WHAT YOU HAVE TO DO: Only the lines from the one containing "Hotter Comfort Slingback" to the end of the entries should be written out, each exactly as it stands, both ends included.

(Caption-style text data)
^^^^
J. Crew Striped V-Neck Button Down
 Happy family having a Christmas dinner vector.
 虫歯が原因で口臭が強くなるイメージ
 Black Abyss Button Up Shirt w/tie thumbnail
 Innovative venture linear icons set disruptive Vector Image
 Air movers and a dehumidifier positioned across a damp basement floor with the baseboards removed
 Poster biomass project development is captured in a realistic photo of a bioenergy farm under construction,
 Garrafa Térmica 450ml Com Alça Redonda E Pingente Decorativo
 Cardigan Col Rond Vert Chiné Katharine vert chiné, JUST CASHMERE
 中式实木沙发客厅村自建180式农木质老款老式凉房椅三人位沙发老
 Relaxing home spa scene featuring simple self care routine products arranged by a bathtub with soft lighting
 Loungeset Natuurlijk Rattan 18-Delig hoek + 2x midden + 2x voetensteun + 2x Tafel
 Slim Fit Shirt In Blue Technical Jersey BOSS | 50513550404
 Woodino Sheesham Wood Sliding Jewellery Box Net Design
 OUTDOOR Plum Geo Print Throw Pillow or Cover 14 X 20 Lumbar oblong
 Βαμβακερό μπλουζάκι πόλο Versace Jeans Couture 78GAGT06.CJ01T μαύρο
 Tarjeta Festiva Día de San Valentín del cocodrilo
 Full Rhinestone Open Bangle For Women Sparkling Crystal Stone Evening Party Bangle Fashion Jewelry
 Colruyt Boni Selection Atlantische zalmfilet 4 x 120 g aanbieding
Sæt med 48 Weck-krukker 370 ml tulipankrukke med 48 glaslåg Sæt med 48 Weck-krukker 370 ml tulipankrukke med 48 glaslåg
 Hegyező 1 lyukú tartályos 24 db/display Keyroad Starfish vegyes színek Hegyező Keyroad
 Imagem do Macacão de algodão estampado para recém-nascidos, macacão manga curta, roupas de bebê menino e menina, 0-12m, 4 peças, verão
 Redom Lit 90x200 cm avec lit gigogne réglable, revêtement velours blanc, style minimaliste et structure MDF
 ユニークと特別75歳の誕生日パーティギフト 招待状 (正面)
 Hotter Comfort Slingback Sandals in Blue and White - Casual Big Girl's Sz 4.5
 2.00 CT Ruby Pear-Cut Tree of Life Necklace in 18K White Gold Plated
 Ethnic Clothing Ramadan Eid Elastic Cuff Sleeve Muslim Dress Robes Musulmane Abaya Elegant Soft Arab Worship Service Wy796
^^^^
RESULT FOR THIS TASK:
 Hotter Comfort Slingback Sandals in Blue and White - Casual Big Girl's Sz 4.5
 2.00 CT Ruby Pear-Cut Tree of Life Necklace in 18K White Gold Plated
 Ethnic Clothing Ramadan Eid Elastic Cuff Sleeve Muslim Dress Robes Musulmane Abaya Elegant Soft Arab Worship Service Wy796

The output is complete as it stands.